Qualcuno potrà citare i fallimenti, la lunga lista di personaggi di basso livello che si sono succedute alla presidenza o le sconfitte memorabili in giro per i “paesini” del sud Italia. Eppure questa stagione calcistica le batte tutte per un semplice motivo: la crisi irreversibile del Messina è la naturale conseguenza della volontà di questa proprietà. Non c’è alcun evento esterno come causa scatenante: penalizzazioni, masse debitorie incontrollate, mancanza di liquidità. Il Messina di oggi è in uno stato vegetativo irreversibile perché la famiglia Sciotto ha voluto tutto questo anno dopo anno. Lo 0-3 maturato contro il Foggia è l’ennesima conseguenza di un “fare calcio” senza avere la voglia e la capacità anche minima di “fare calcio”. Le scuse stanno a zero e, finalmente, anche la lunga lista degli alibi si è esaurita. Ne abbiamo sentite tante in questi anni: dai complotti istituzionali contro il Messina, agli errori arbitrali decisi a tavolino sino ai triti e ritriti mantra del bel gioco, delle asticelle che si alzano e dell’innata capacità di non farsi mettere sotto da nessun avversario.

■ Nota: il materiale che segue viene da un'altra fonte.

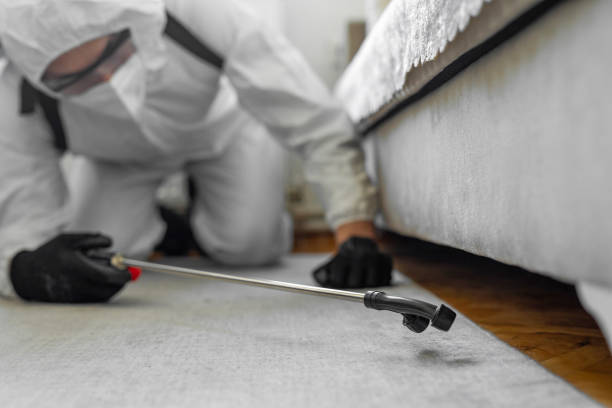 Professional Pest Control technician working in Wright County County, MO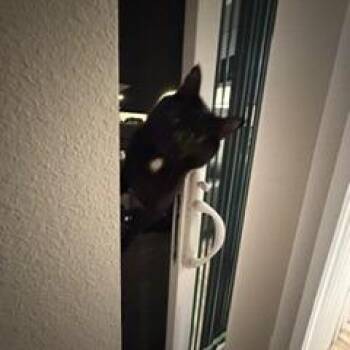 Domestic Short Hair Cats Available for Adoption in Glenwood Springs, Colorado - Caba | PetCurious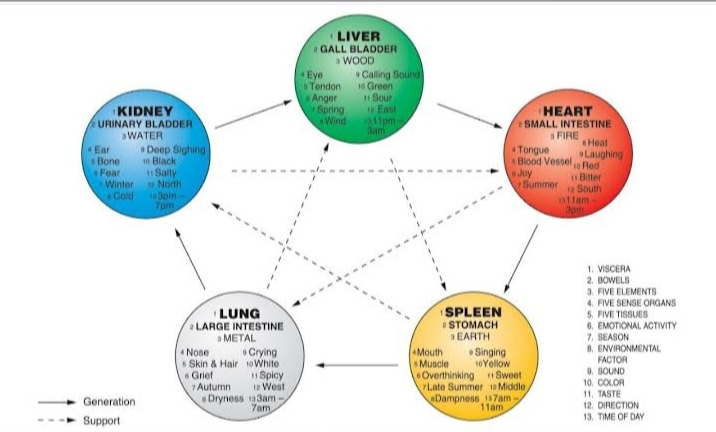 Five Elements and Organ Energy Flow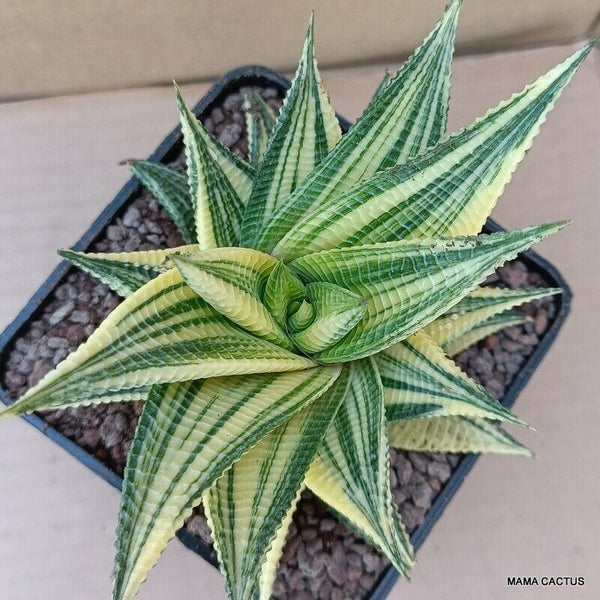 A6554 HAWORTHIA LIMIFOLIA VARIEGATED pot10-H11-W14 cm MaMa Cactus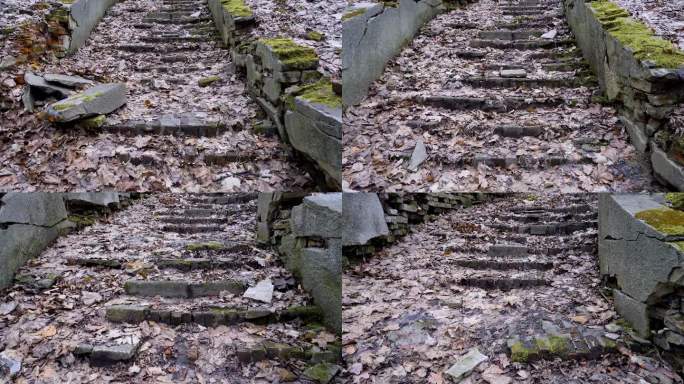 秋天的公园里，长满青苔的古老石阶的废墟。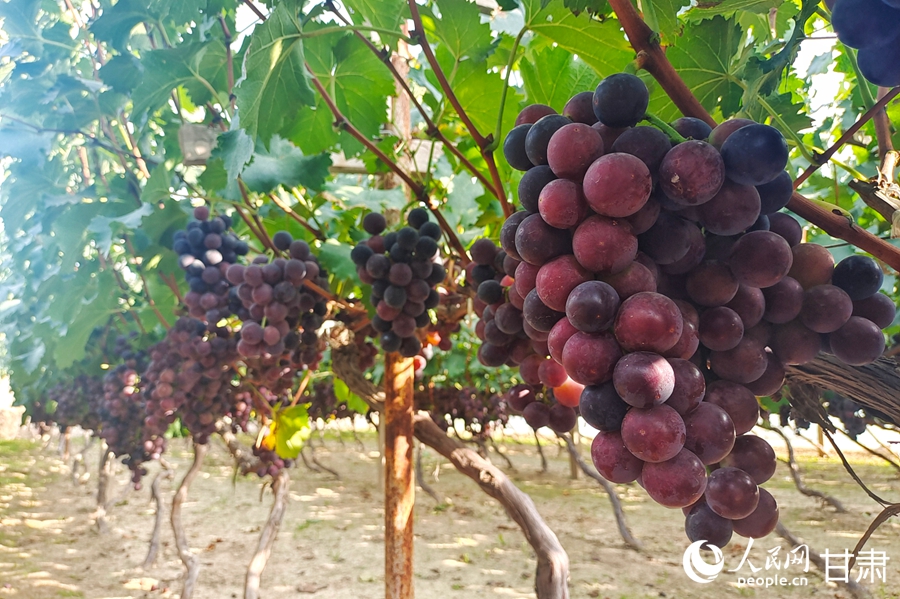 青石灣的葡萄熟啦，甜！【4】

L’unica verità è che i miracoli sportivi non avvengono ogni anno. Il Messina si trova in Serie C per una serie di fattori: dall’aver avuto grandi leader nello spogliatoio al lavoro di tutti coloro, innamorati di questi colori, nelle retrovie hanno fatto i salti mortali per tenere su la baracca senza bisogno della luce dei riflettori, dei selfie in campo o di un semplice grazie. Poi ci sono le disgrazie altrui che, in terza serie, sono all’ordine del giorno. Dai fallimenti alle penalizzazioni, i giallorossi sono riusciti sempre a rimanere a galla battendosi forte il petto del “noi paghiamo gli stipendi”. In questa stagione la musica non è cambiata con Turris e Taranto a recitare la parte di chi sta peggio di noi.

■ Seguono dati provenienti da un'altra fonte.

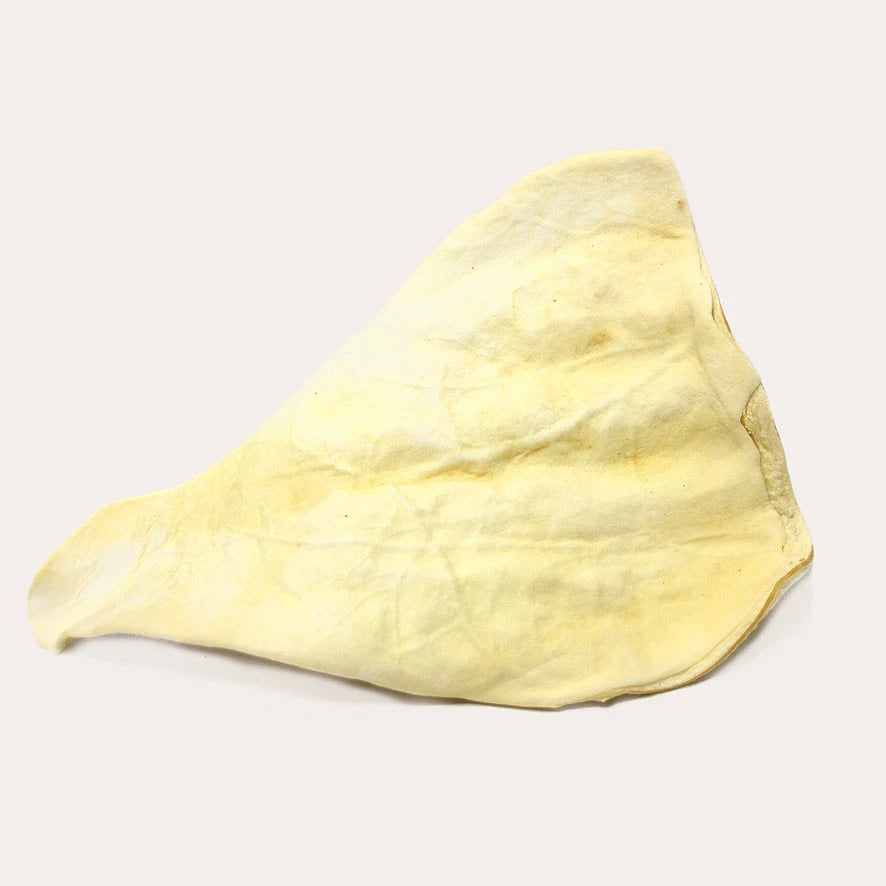 Cow Ear - 1 Count - Tampa Home & Garden Store
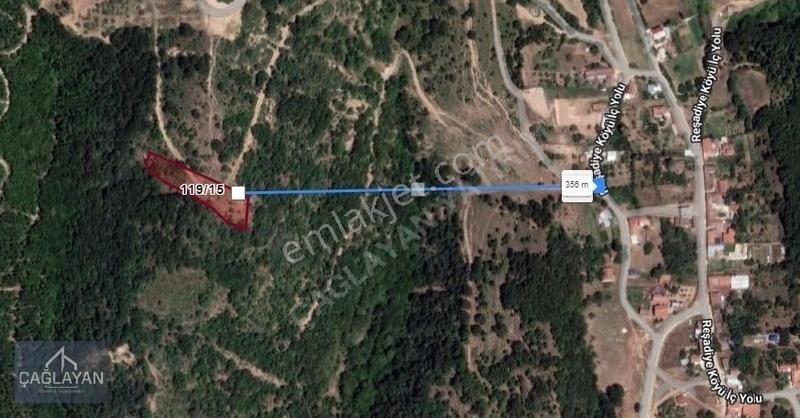 Reşadiye'de Tek Tapu Yatırım Fırsatı 2657 M'2 Satılık Tarla - Görsel 2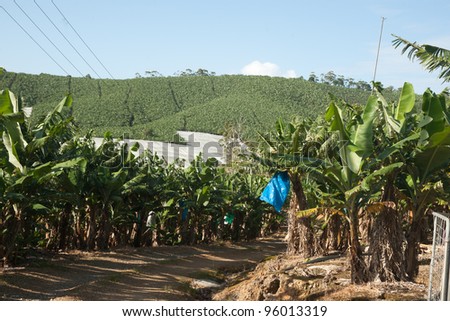 Banana plantation, near Coffs Harbor, Australia.
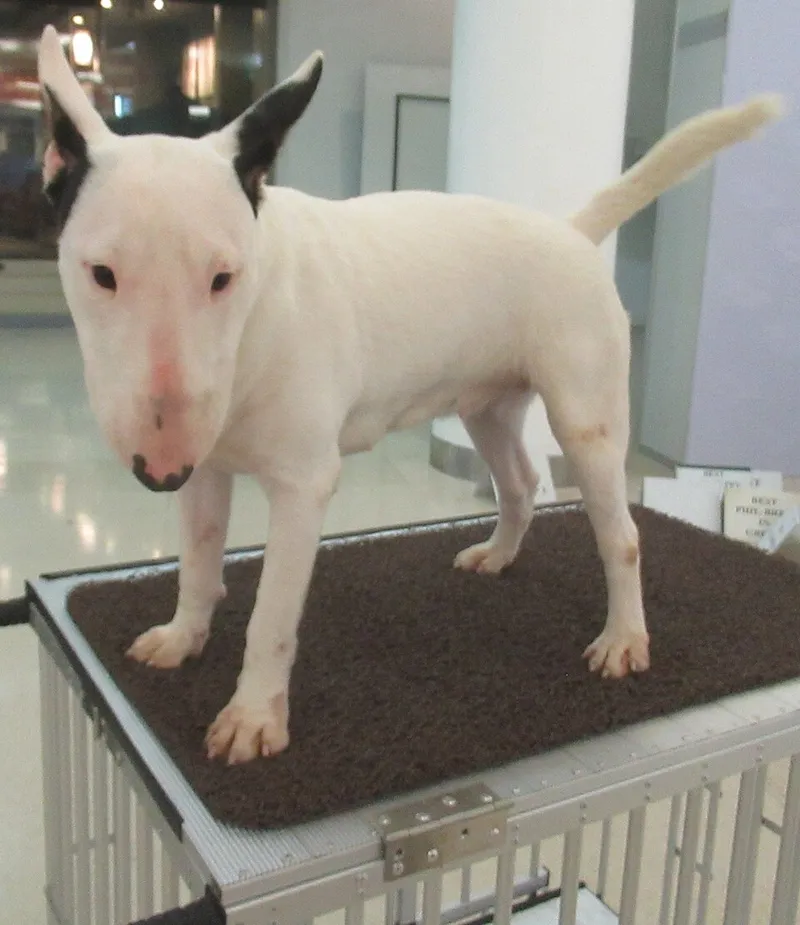 Minyatür Bull Terrier fotoğraf 12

La verità, però, è che il campo è specchio fedele della società. Negli anni passati i valori di grandi uomini, prima che calciatori, hanno limitato i danni ma oggi questo non è possibile. Il Messina non ha una guida, non ha punti di riferimento, non ha alcun tipo di interlocutore. Una scatola vuota senza alcun valore perché il nome ed il blasone sono ormai persi da parecchi anni. Qualcuno, tempo fa, parlava di brand facendo lezioni di marketing in conferenza stampa. Dobbiamo dire che quella lectio magistralis ha portato i suoi frutti perché oggi il Messina è appetibile a livello internazionale o, per lo meno, questo è quello che viene fatto intendere dalle voci di corridoio da sei mesi a questa parte.
Preliminari, fondi esteri, progetti mirabolanti. Nello sport, come nella vita, contano i fatti e noi abbiamo il dovere di non abbandonarci ai voli pindarici. Messina ha smesso di sognare e di avere ambizioni perdendo anche quella passione che la legava alla propria squadra di calcio. Basterebbe poco per ritrovare un minimo di serenità ma prima di tutto servirebbero degli ingredienti oggi assenti: sincerità, trasparenza e dignità.

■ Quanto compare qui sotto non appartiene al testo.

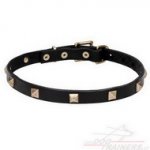 Collare con piramidi in ottone per cane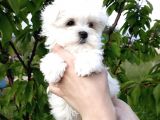 Safkan Maltese Terrier Yavrularımız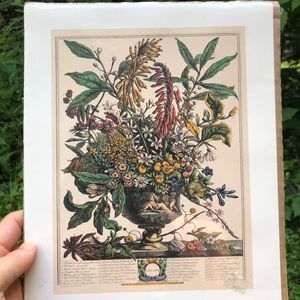 Set of 4 Vintage Arthur Kaplan Flower Prints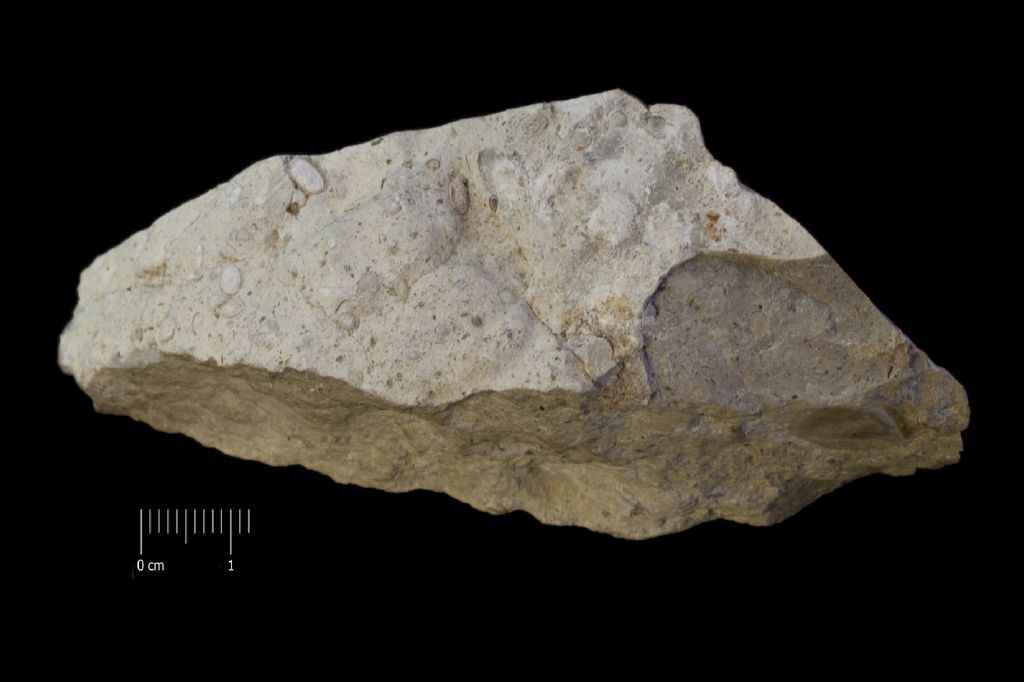 Fossile (calcare a microfossili, associazione fossile)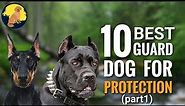 Top 10 Best Guard Dog Breeds for Home Protection (Part1)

Tutto è finito nel dimenticatoio complice un’apatia generale che si riflette a 360 gradi. Per questo motivo non stupiscono le dimissioni di un direttore sportivo inesistente, l’assenza di un direttore generale, un allenatore che si permette di stare in silenzio continuo magari in attesa di farsi esonerare. E poi c’è il presidente che, insieme alla sua famiglia, si è sempre trincerato dietro un amore sbandierato verso questa maglia. Il tempo delle scuse è finito così come quello delle giustificazioni. Da agosto fino ad oggi continueremo a ribadire quanto sia importante salvare la Serie C, unico patrimonio di questa società, ma in fin dei conti forse anche i miracoli sono finiti a queste latitudini.